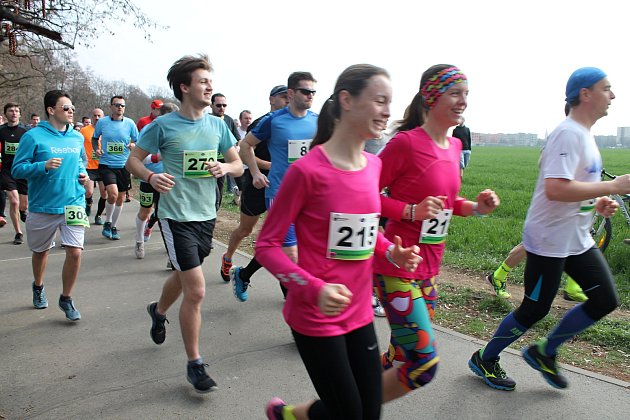 Běžecký půlmaraton v Biokoridoru Hloučela 24.3. 2019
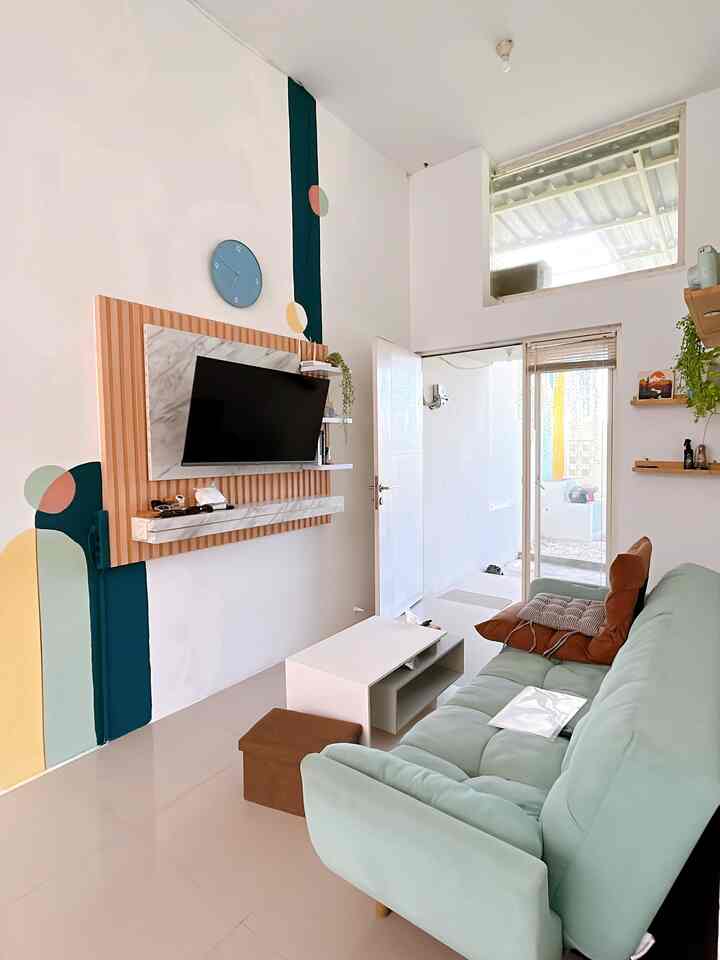 Hi mate! 
Mau ceritak dikit 🤏🏾 tentang gimana aku menentukan pilihan untuk furniture di rumah aku. Color tone yang aku pilih untuk rumah aku adalah 80% Mint, Putih, kayu sisanya menyesuaikan dengan warna yang selaras.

## Exercise goal
Write the data out again word for word; leave the pictures behind.

## Answer space
 Běžecký půlmaraton v Biokoridoru Hloučela 24.3. 2019
 Hi mate! 
Mau ceritak dikit 🤏🏾 tentang gimana aku menentukan pilihan untuk furniture di rumah aku. Color tone yang aku pilih untuk rumah aku adalah 80% Mint, Putih, kayu sisanya menyesuaikan dengan warna yang selaras.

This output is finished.